Carlos Dunlap is going Pro Bowling with his 13.5 sacks.
Before he left the locker room one last time this season, Bengals left end Carlos Dunlap mused on the fates.
Thank you, fans for all of your support throughout this season.
"I was as still waiting for the Fat Lady to sing before I got too high or too low," Dunlap said. "Anything can happen. Anything did happen."
But going to the Pro Bowl also happened. Dunlap, voted a first alternate, got the word Thursday that he's replacing the Jets' Muhammad Wilkerson in the annual all-star game taking place this year Jan. 31 in Honolulu. It takes just a little bit of the sting from Saturday night's now-you-have-it-now-you-don't Wild Card loss to the Steelers.

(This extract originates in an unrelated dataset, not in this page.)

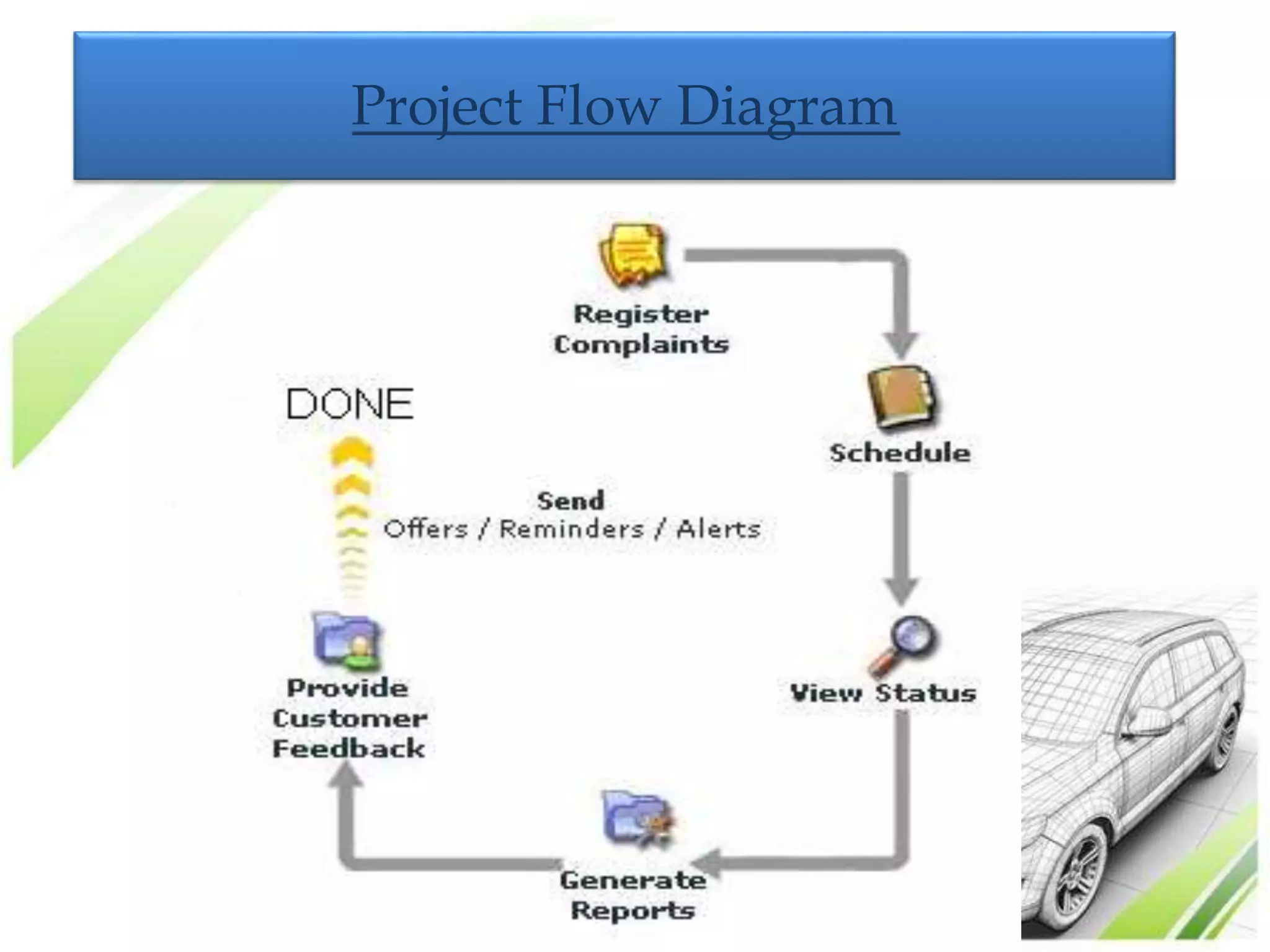 Project Flow Diagram 
 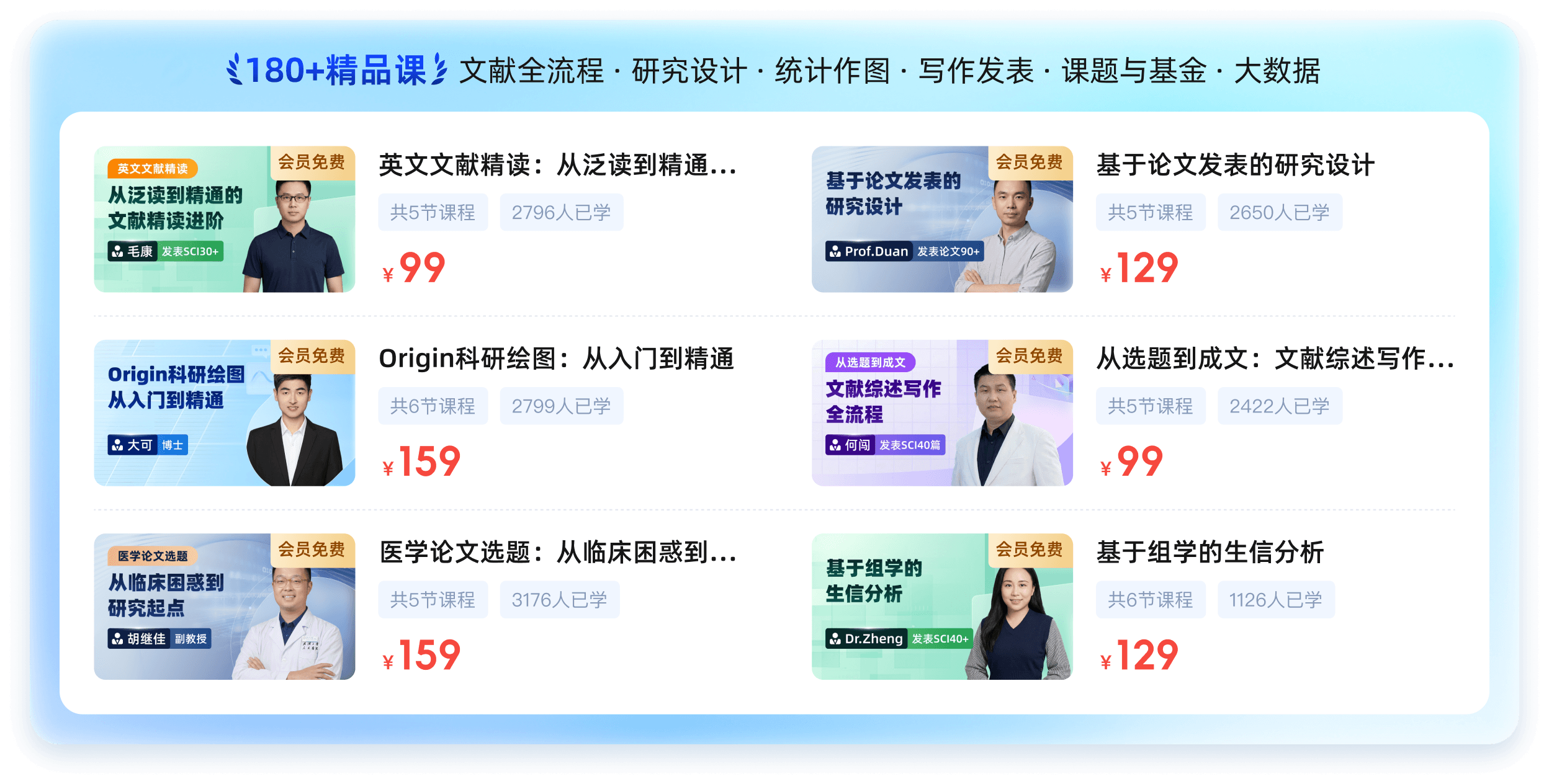 蓝鸟科研科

"This helps and caps off the great season we had as a team," Dunlap texted Thursday afternoon.
It also capped off his break-through season on and off the field. He was named the Bengals Man of the Year for his work in the community.
The Hawaii venture is filling up. The number is now six, the most Bengals' Pro Bowlers since 1989. Dunlap, who'll take his parents on the trip, joins wide receiver A.J. Green, left tackle Andrew Whitworth, defensive tackle Geno Atkins, safety Reggie Nelson and tight end Tyler Eifert. It looks like Nelson, who injured his ankle Saturday night, is going to be a close call to make it.
Dunlap makes it as the first Bengals defensive end to go to the Pro Bowl since the late Coy Bacon went in 1976-77, even before Whitworth was born. At 34, Whitworth is the second oldest Bengals Pro Bowler behind the 35-year-old Bacon. Quarterback Ken Anderson was 33 in his fourth and last appearance in January of 1983.
"This was a goal of mine," Dunlap said. "I vowed not to go to Hawaii unless I was invited. Aloha!!!"
His team-record 13.5 sacks broke the ice, good for fourth best in the league behind Houston's J.J. Watt (17.5), Oakland's Khalil Mack (15), and Detroit's Ziggy Ansah (14.5). His goal at the beginning of the year was Michael Strahan's NFL-record 22.5 sacks, but the Pro Bowl came instead on a defense that set the Bengals' single-season scoring record when they allowed just 277 points.
It wasn't only Dunlap's sacks. Profootballfocus.com, which had Dunlap with 15 sacks to lead all 4-3 ends, charted him third in quarterback hits and fifth in forcing hurried throws. He also forced two fumbles, blocked two field goals, and his 21-yard dash of a fumble return broke open the San Francisco stalemate and led to a win in quarterback Andy Dalton's first NFL start.
And there is some unfinished business. Before he left the locker room, he had a quibble about the buzz calling his team out of control.
"That' what they say," Dunlap said. "A team that was out of control wouldn't have put themselves in position to win like we did."
But he's moving on. Goal-setting seems to work for him. So he's already got some new ones for the new year.
"Lead the league in sacks,' he said. "And be the No. 1 (overall) defense, not just the best scoring defense."